| To do |
What you give back should match the entries below character for character.

| Data for this task |
BEGIN

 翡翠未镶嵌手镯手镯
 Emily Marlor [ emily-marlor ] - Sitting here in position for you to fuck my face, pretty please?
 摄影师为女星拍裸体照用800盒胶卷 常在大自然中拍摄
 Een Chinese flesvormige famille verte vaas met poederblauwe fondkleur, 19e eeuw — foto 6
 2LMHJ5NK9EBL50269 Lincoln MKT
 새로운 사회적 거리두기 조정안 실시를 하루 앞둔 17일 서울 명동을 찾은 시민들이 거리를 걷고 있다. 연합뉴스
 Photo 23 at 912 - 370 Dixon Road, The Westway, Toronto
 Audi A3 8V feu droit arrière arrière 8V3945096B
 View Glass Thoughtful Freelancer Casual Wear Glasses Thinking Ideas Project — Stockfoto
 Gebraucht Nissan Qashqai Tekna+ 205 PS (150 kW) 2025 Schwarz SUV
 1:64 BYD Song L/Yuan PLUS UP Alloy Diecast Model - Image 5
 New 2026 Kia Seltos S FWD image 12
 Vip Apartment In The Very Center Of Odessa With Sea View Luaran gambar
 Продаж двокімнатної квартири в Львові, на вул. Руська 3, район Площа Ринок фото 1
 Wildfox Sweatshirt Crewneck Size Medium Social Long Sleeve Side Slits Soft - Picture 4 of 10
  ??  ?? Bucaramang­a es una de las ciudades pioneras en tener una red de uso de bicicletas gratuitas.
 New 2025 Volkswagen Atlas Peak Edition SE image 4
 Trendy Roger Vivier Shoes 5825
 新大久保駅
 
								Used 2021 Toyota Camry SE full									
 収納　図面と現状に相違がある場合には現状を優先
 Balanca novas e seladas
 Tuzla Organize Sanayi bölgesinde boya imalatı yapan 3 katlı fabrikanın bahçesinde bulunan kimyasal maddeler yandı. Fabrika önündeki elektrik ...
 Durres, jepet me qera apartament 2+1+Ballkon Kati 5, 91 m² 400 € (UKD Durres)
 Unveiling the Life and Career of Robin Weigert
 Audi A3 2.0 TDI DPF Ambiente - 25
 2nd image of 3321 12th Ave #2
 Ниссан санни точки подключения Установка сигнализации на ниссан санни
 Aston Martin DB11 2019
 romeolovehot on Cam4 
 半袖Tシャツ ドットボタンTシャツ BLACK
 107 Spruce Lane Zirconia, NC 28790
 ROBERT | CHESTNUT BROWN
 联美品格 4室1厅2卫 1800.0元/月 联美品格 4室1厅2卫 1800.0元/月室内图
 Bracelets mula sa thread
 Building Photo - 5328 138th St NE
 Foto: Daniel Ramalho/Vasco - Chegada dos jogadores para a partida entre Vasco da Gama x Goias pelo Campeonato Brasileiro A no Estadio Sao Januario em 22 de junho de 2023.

END

| Solved exercise |
 翡翠未镶嵌手镯手镯
 Emily Marlor [ emily-marlor ] - Sitting here in position for you to fuck my face, pretty please?
 摄影师为女星拍裸体照用800盒胶卷 常在大自然中拍摄
 Een Chinese flesvormige famille verte vaas met poederblauwe fondkleur, 19e eeuw — foto 6
 2LMHJ5NK9EBL50269 Lincoln MKT
 새로운 사회적 거리두기 조정안 실시를 하루 앞둔 17일 서울 명동을 찾은 시민들이 거리를 걷고 있다. 연합뉴스
 Photo 23 at 912 - 370 Dixon Road, The Westway, Toronto
 Audi A3 8V feu droit arrière arrière 8V3945096B
 View Glass Thoughtful Freelancer Casual Wear Glasses Thinking Ideas Project — Stockfoto
 Gebraucht Nissan Qashqai Tekna+ 205 PS (150 kW) 2025 Schwarz SUV
 1:64 BYD Song L/Yuan PLUS UP Alloy Diecast Model - Image 5
 New 2026 Kia Seltos S FWD image 12
 Vip Apartment In The Very Center Of Odessa With Sea View Luaran gambar
 Продаж двокімнатної квартири в Львові, на вул. Руська 3, район Площа Ринок фото 1
 Wildfox Sweatshirt Crewneck Size Medium Social Long Sleeve Side Slits Soft - Picture 4 of 10
  ??  ?? Bucaramang­a es una de las ciudades pioneras en tener una red de uso de bicicletas gratuitas.
 New 2025 Volkswagen Atlas Peak Edition SE image 4
 Trendy Roger Vivier Shoes 5825
 新大久保駅
 
								Used 2021 Toyota Camry SE full									
 収納　図面と現状に相違がある場合には現状を優先
 Balanca novas e seladas
 Tuzla Organize Sanayi bölgesinde boya imalatı yapan 3 katlı fabrikanın bahçesinde bulunan kimyasal maddeler yandı. Fabrika önündeki elektrik ...
 Durres, jepet me qera apartament 2+1+Ballkon Kati 5, 91 m² 400 € (UKD Durres)
 Unveiling the Life and Career of Robin Weigert
 Audi A3 2.0 TDI DPF Ambiente - 25
 2nd image of 3321 12th Ave #2
 Ниссан санни точки подключения Установка сигнализации на ниссан санни
 Aston Martin DB11 2019
 romeolovehot on Cam4 
 半袖Tシャツ ドットボタンTシャツ BLACK
 107 Spruce Lane Zirconia, NC 28790
 ROBERT | CHESTNUT BROWN
 联美品格 4室1厅2卫 1800.0元/月 联美品格 4室1厅2卫 1800.0元/月室内图
 Bracelets mula sa thread
 Building Photo - 5328 138th St NE
 Foto: Daniel Ramalho/Vasco - Chegada dos jogadores para a partida entre Vasco da Gama x Goias pelo Campeonato Brasileiro A no Estadio Sao Januario em 22 de junho de 2023.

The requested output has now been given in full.